## REQUIRED ACTION
The result should be an exact copy of the entries below, free of pictures.

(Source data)

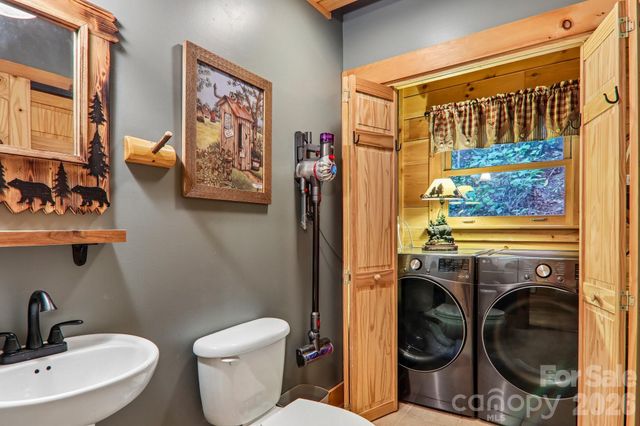 230 Forest Drive, Maggie Valley, NC 28751
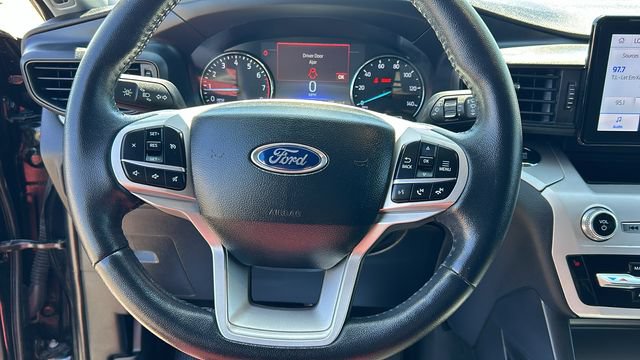 Certified 2023 Ford Explorer XLT RWD image 21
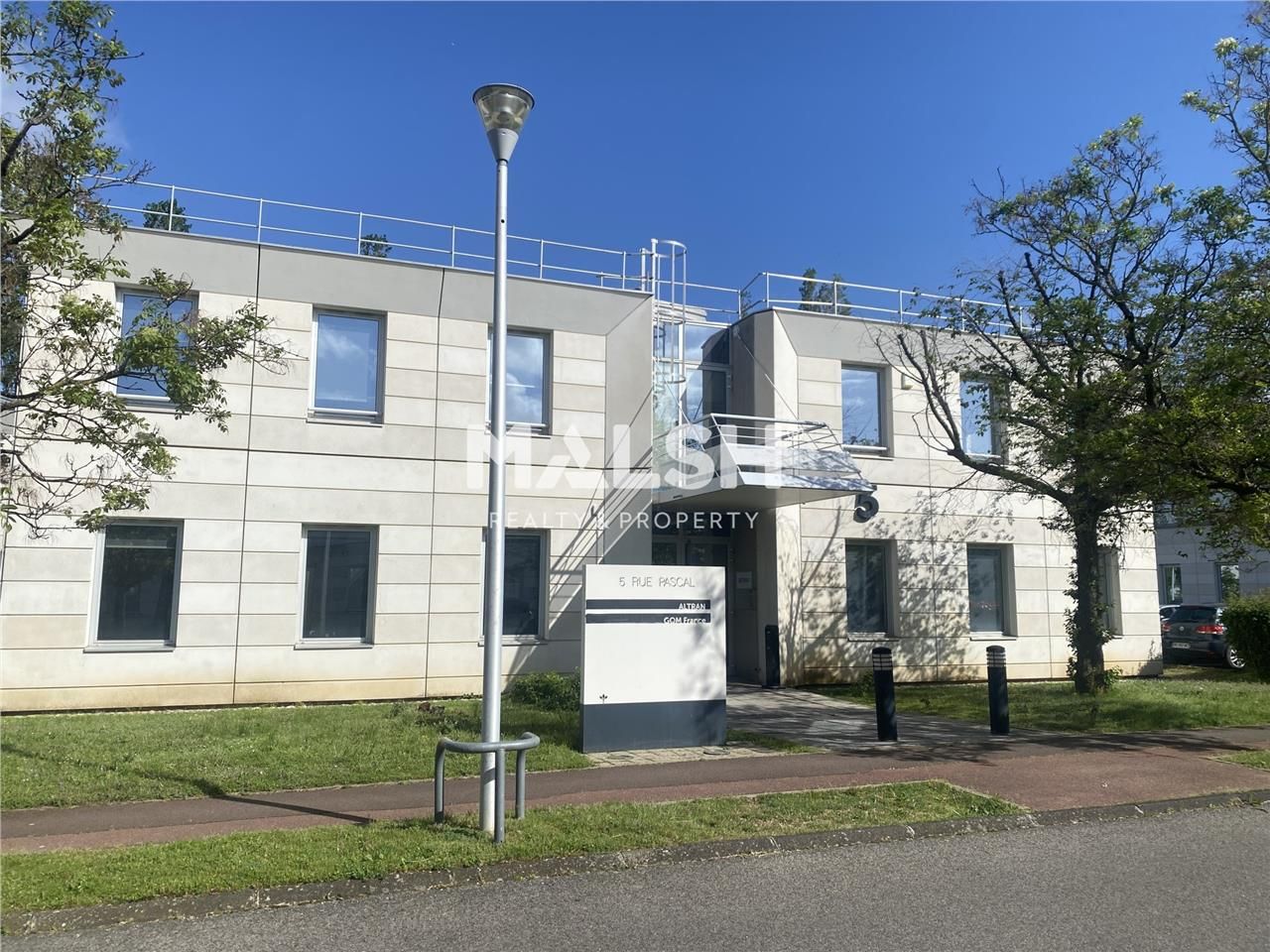 Nous vous proposons, à la location,  des bureaux 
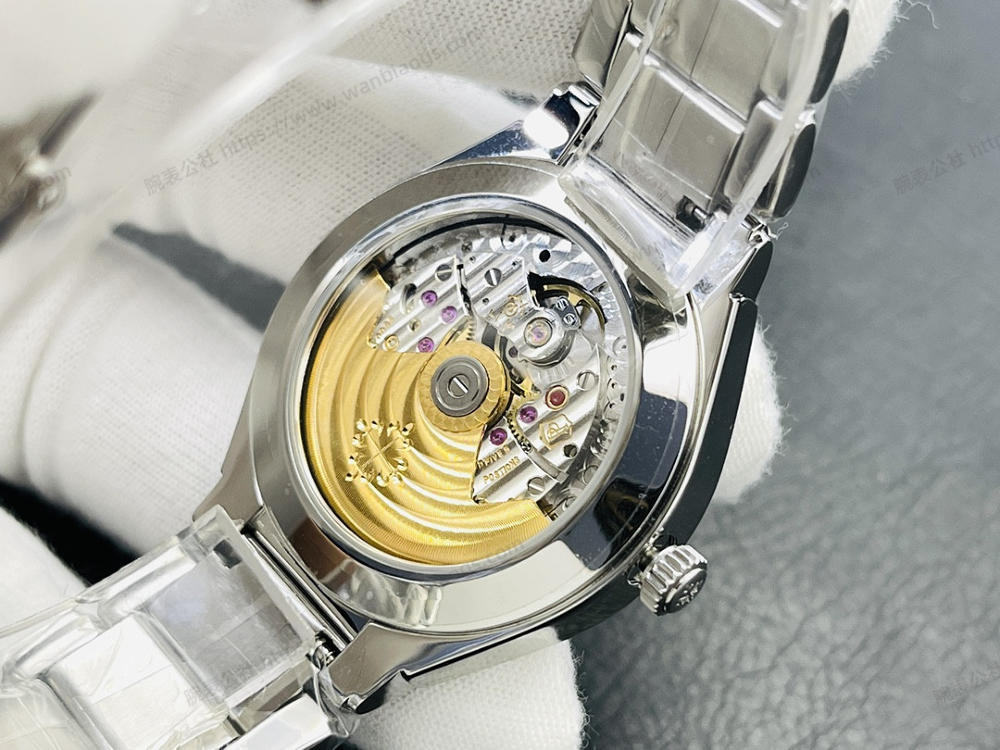PPF Factory Patek Philippe Twenty~4 serisi 7300 göz kamaştıran şıklığıyla sahnede — 5. fotoğraf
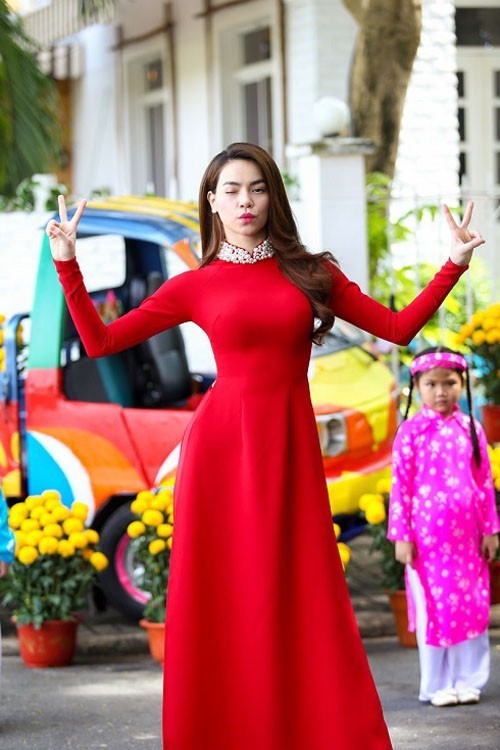Kết quả hình ảnh cho ao dai Viet Nam sao Viet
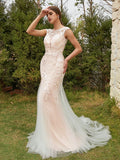 Sheath/Column Tulle Lace Scoop Sleeveless Court Train Wedding Dresses Bridal Gowns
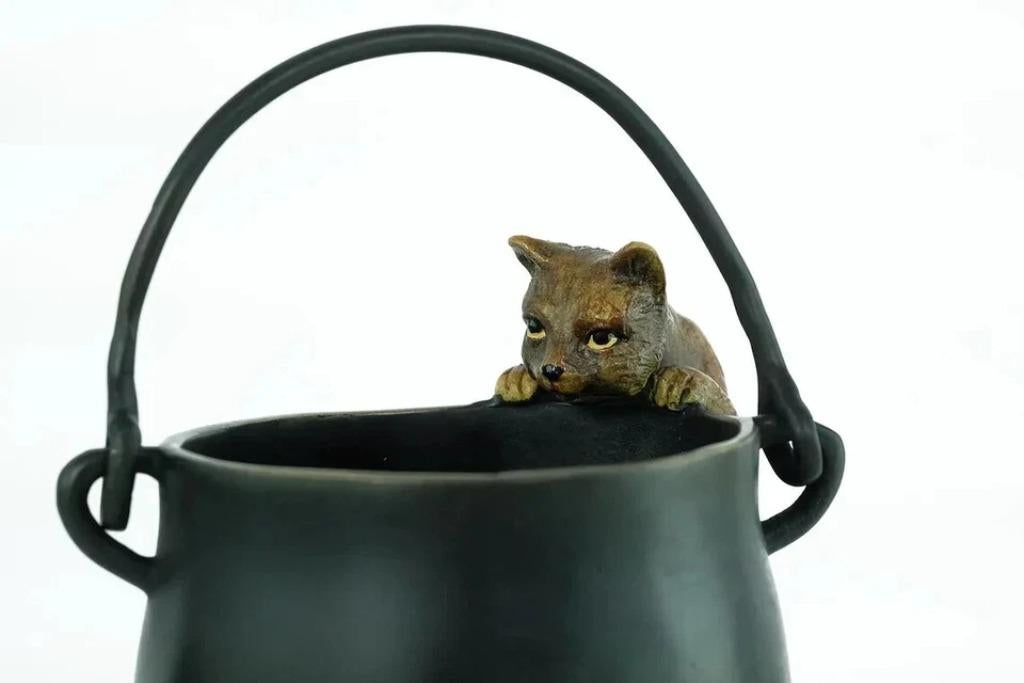 Een Bronzen Beeld Van Een Kat Die In Een Pot Klimt, Antiek en Kunst, Verzenden, Brons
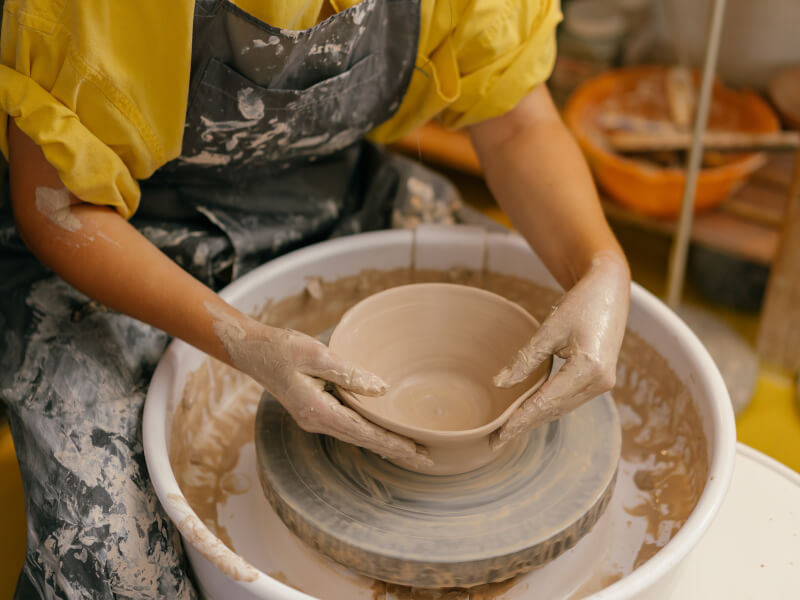 Why Pottery Classes in Melbourne Can Help Arthritis Sufferers Much More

## RESPONSE FOR THIS EXERCISE
 230 Forest Drive, Maggie Valley, NC 28751
 Certified 2023 Ford Explorer XLT RWD image 21
 Nous vous proposons, à la location,  des bureaux 
PPF Factory Patek Philippe Twenty~4 serisi 7300 göz kamaştıran şıklığıyla sahnede — 5. fotoğraf
Kết quả hình ảnh cho ao dai Viet Nam sao Viet
 Sheath/Column Tulle Lace Scoop Sleeveless Court Train Wedding Dresses Bridal Gowns
 Een Bronzen Beeld Van Een Kat Die In Een Pot Klimt, Antiek en Kunst, Verzenden, Brons
 Why Pottery Classes in Melbourne Can Help Arthritis Sufferers Much More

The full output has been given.